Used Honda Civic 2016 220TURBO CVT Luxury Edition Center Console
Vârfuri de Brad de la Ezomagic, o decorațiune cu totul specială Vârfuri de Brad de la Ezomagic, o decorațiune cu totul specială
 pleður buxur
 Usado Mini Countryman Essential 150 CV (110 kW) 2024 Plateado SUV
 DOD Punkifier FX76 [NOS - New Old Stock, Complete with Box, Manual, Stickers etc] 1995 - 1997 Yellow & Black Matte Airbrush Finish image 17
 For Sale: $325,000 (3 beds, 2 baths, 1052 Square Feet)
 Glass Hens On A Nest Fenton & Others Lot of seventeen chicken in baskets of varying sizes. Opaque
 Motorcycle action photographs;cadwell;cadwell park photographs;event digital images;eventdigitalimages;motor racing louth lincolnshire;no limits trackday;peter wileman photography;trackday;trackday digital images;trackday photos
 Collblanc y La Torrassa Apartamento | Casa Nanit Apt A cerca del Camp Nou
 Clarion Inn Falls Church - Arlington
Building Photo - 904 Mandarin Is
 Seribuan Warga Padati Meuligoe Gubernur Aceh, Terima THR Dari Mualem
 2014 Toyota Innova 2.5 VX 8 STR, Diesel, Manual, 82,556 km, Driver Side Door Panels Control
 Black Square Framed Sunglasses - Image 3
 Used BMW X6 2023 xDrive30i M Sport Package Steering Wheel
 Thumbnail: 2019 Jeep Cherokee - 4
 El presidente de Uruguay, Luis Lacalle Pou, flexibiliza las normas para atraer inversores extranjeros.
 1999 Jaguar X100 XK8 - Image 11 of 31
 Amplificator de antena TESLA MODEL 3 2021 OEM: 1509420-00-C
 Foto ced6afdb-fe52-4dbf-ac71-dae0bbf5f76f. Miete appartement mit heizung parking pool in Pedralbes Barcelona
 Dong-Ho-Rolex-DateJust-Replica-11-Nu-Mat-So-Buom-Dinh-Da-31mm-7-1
____
§ Exercise: Which lines above include the string "Manual"? Show them.

§ Task response:
 DOD Punkifier FX76 [NOS - New Old Stock, Complete with Box, Manual, Stickers etc] 1995 - 1997 Yellow & Black Matte Airbrush Finish image 17
 2014 Toyota Innova 2.5 VX 8 STR, Diesel, Manual, 82,556 km, Driver Side Door Panels Control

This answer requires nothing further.